> Source material
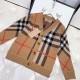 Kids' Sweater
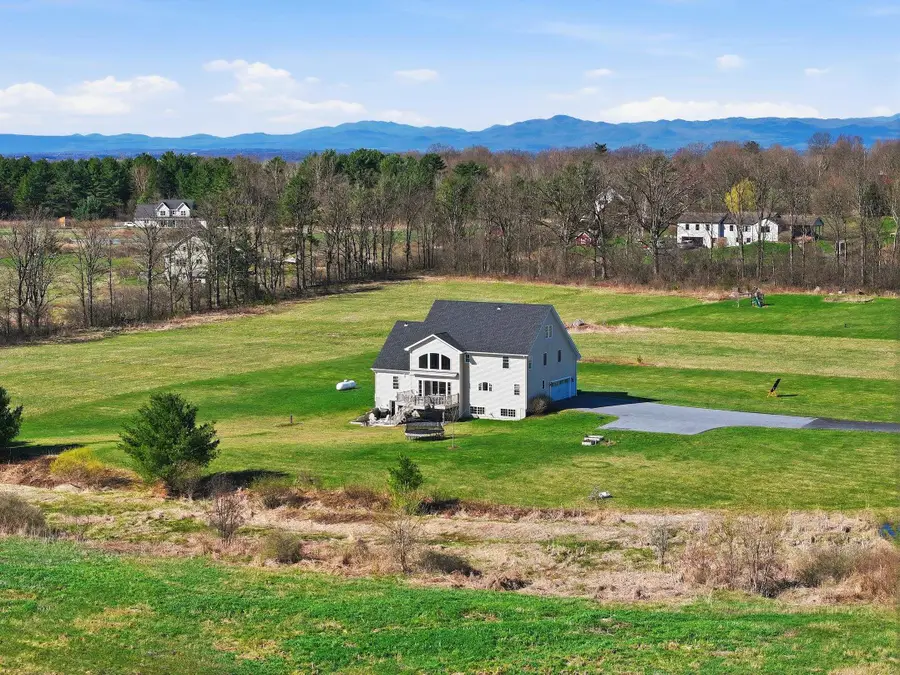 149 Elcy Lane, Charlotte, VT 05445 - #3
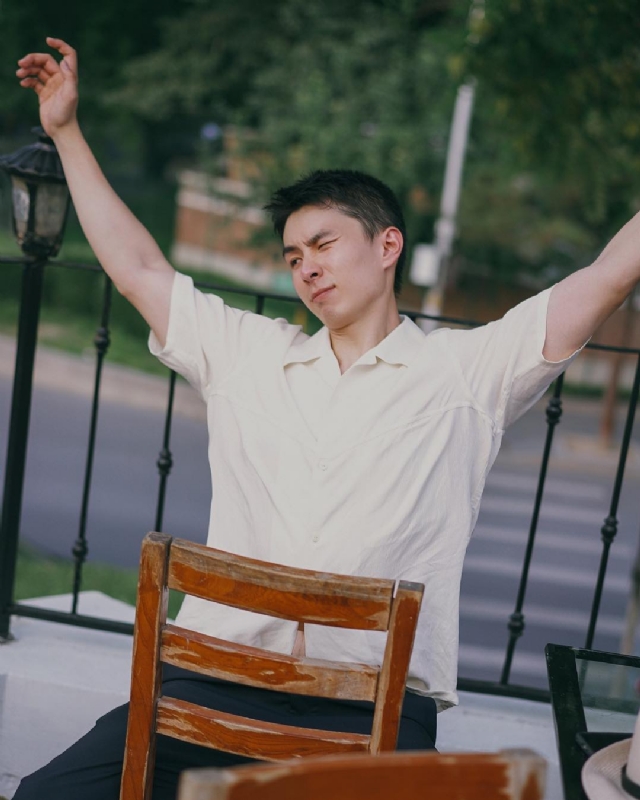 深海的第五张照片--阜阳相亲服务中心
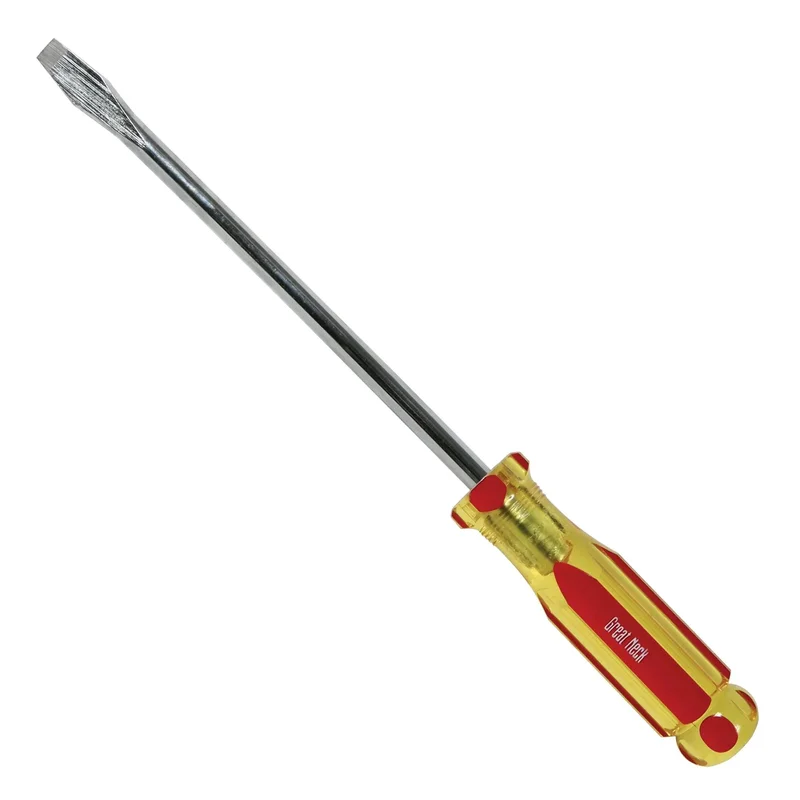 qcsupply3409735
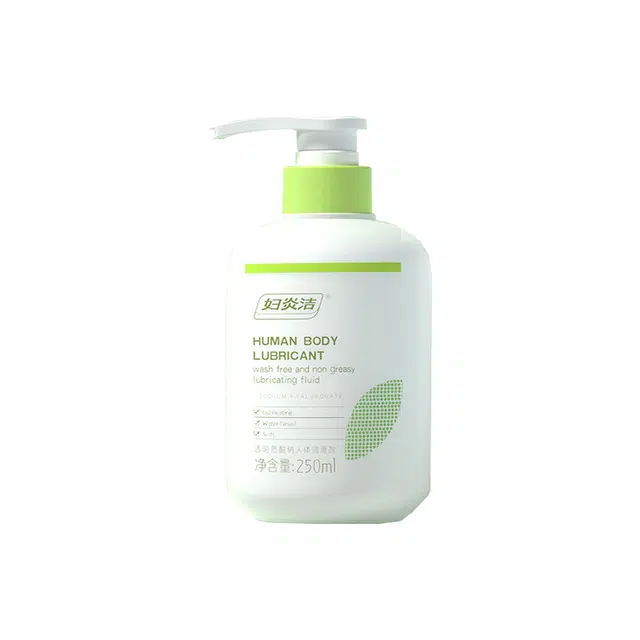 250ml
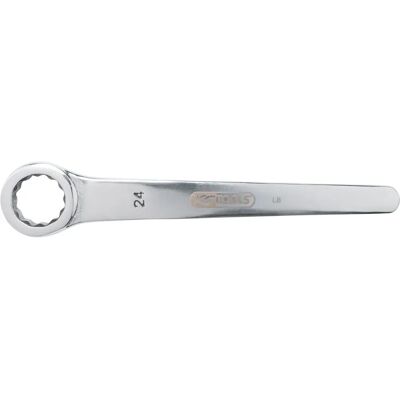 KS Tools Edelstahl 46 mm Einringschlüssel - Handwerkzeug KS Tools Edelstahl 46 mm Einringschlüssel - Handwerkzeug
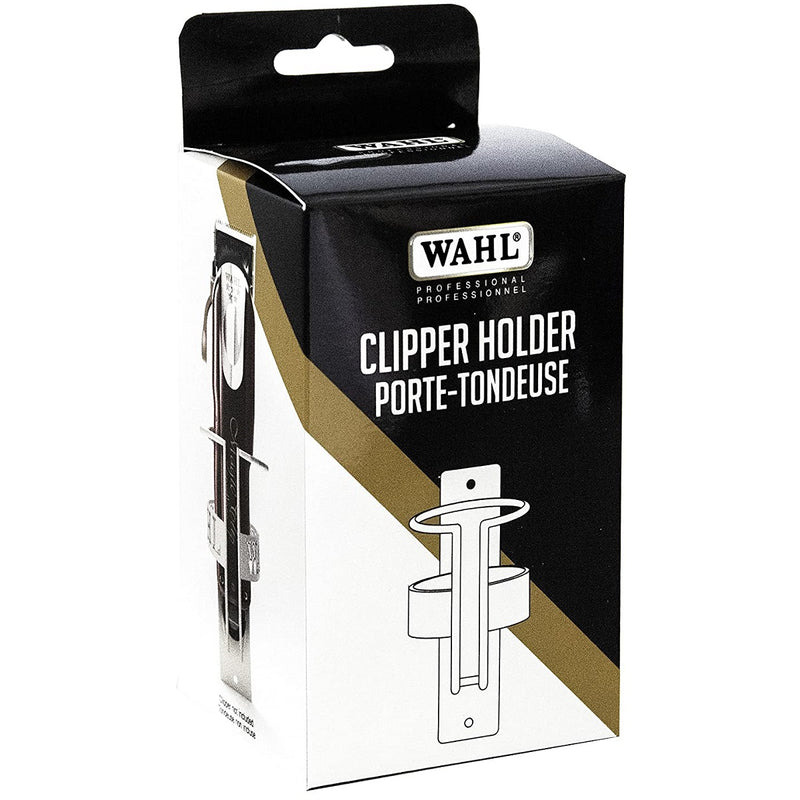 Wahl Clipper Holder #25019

> Work instructions
Reproduce exactly and only the lines from the line that contains "qcsupply3409735" to the end of the data above, both ends included. No pictures go in the copy.

> Task output
 qcsupply3409735
 250ml
 KS Tools Edelstahl 46 mm Einringschlüssel - Handwerkzeug KS Tools Edelstahl 46 mm Einringschlüssel - Handwerkzeug
 Wahl Clipper Holder #25019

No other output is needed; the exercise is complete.